Tujuan atau manfaat kapal didaftar adalah:
a.   Untuk memperoleh surat tanda kebangsaan kapal (STKK). Dengan adanya STKK maka kapal dapat berlayar dengan mengibarkan bendera kebangsaannya, dengan demikian kedaulatan negara bendera berlaku secara penuh di atas kapal tersebut dan orang yang berada di atas kapal harus tunduk kepada peraturan-peraturan dari negara bendera;
b.   Status hukum pemilikan kapal menjadi jelas;
c.    Dapat dipasang atau dibebani hipotek.
Syarat kapal yang didaftar di Indonesia adalah:
1.    Kapal dengan ukuran isi kotor sekurang-kurangnya 20 m3 atau dengan yang dinilai sama dengan itu;
2.    Dimiliki oleh warga negara Indonesia atau badan hukum Indonesia dan berkedudukan di Indonesia (Pasal 46 ayat (2) UU No. 21 Th. 1992 tentang pelayaran).

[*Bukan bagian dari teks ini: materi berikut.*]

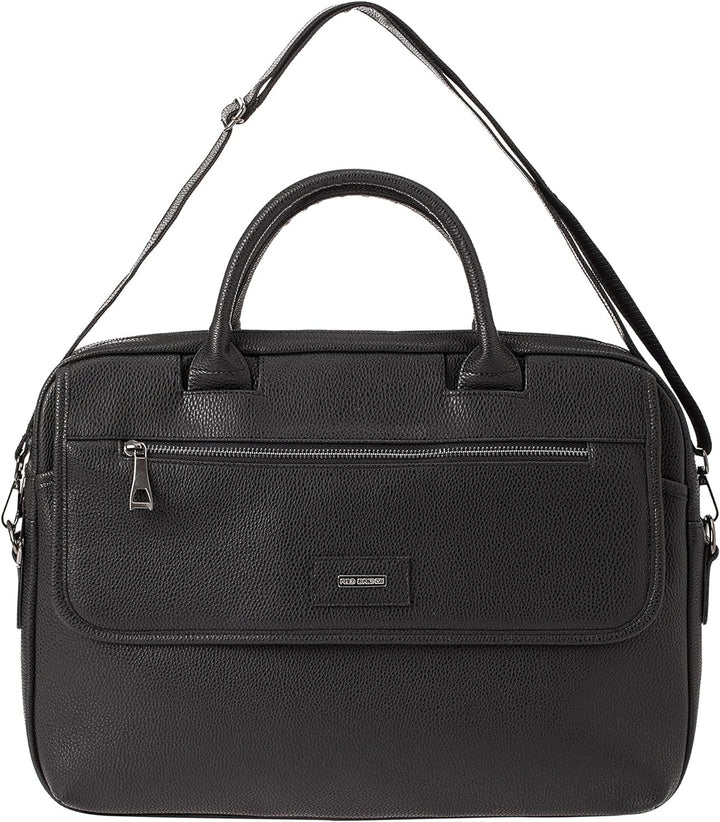 Redbridge Herren Schultertasche Messenger Bag Umhängetasche Kunstleder Schwarz, Schwarz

Dokumen-dokumen yang harus dilengkapi untuk pendaftaran kapal laut adalah:
a.   Mengajukan surat permohonan kepada pejabat pendaftar;
b.   Bukti kepemilikan kapal;
c.   Identitas pemilik;
d.   Surat ukur (sementara atau tetap);
e.   Bukti pelunasan BBN;
f.     Delection certificate, khusus untuk kapal yang pernah didaftarkan di luar negeri (Direktorat Jendral Perhubungan Laut, 1996:9).

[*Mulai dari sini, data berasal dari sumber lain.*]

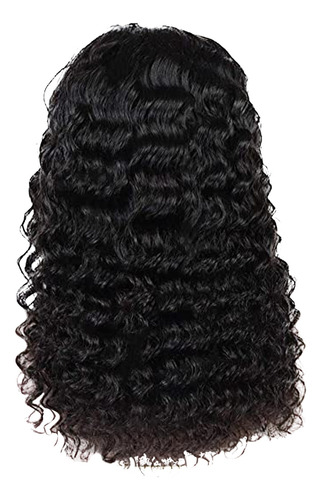 Peluca De Cabello Humano K Deep Wave Remy Con Encaje Frontal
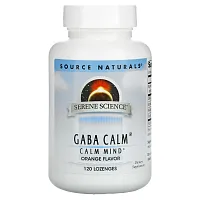 Source Naturals, GABA Calm, ГАМК, апельсиновый вкус, 120 таблеток для рассасывания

Apabila dokumen-dokumen itu telah dilengkapi oleh pemohon, maka pejabat pendaftar membuatkan menurut akta dan grosse akta pendaftaran kapal. Menurut akta kapal (akta asli) ditandatangani oleh penghadap, pejabat pendaftar dan pencatat nama kapal. Setelah ditandatangani, diberi nomor dan tanggal. Penomoran dilakukan secara berurutan (angka yang berlanjut) sesuai dengan urutan penanda tangan sampai dengan 9999 dan kemudian kembali ke angka nomor 1. Sedangkan grosse akta, yaitu salinan dari minut akta, yang hanya ditandatangani oleh pegawai pembantu untuk pendaftaran dan balik nama kapal. Bila pegawai pembatu ini berhalangan, dapat ditandatangani oleh pejabat pendaftar. Grosse akta ini diberikan kepada pemilik setelah tanda pendaftaran dipasang, sebagai bukti kapal telah didaftar dan berfungsi pula sebagai bukti hak milik kapal (BHK), di samping bukti-bukti surat lain (surat jual beli, surat keterangan tukang, surat hibah, dan lain-lain). Tanda pendaftaran disusun sebagai berikut : 1996 Ba No. 13/L. Artinya:
1996         : Adalah tahun saat dilakukan pendaftaran
Ba             : Adalah kode pengukuran dari tempat pendaftaran
13              : Nomor pendaftaran
L                : Kategori kapal.
L                : Untnuk kapal laut
N               : Untuk kapal nelayan
P                : Untuk kapal pedalaman

Bagi kapal-kapal yang telah dibeli, baik dari pemilik asing maupun pemilik dalam negeri, maka pembeli harus membuatkan akta balik nama. Akta balik nama merupakan akta untuk peralihan nama dari pemilik lama kepada pemilik baru. Pejabat yang berwenang untuk membuat akta balik nama adalah pejabat pendaftar dan pencatat balik nama. Permohonan akta balik nama dilampiri dengan:
a.       Asli grosse akta pendaftaran;
b.      Bukti pemilikan: akta pengalihan hak milik (akta jual beli, akta hibah, dll);
c.       Identitas pemilik;
d.      Surat ukur;
e.       Bukti pelunasan bea balik nama (BBN).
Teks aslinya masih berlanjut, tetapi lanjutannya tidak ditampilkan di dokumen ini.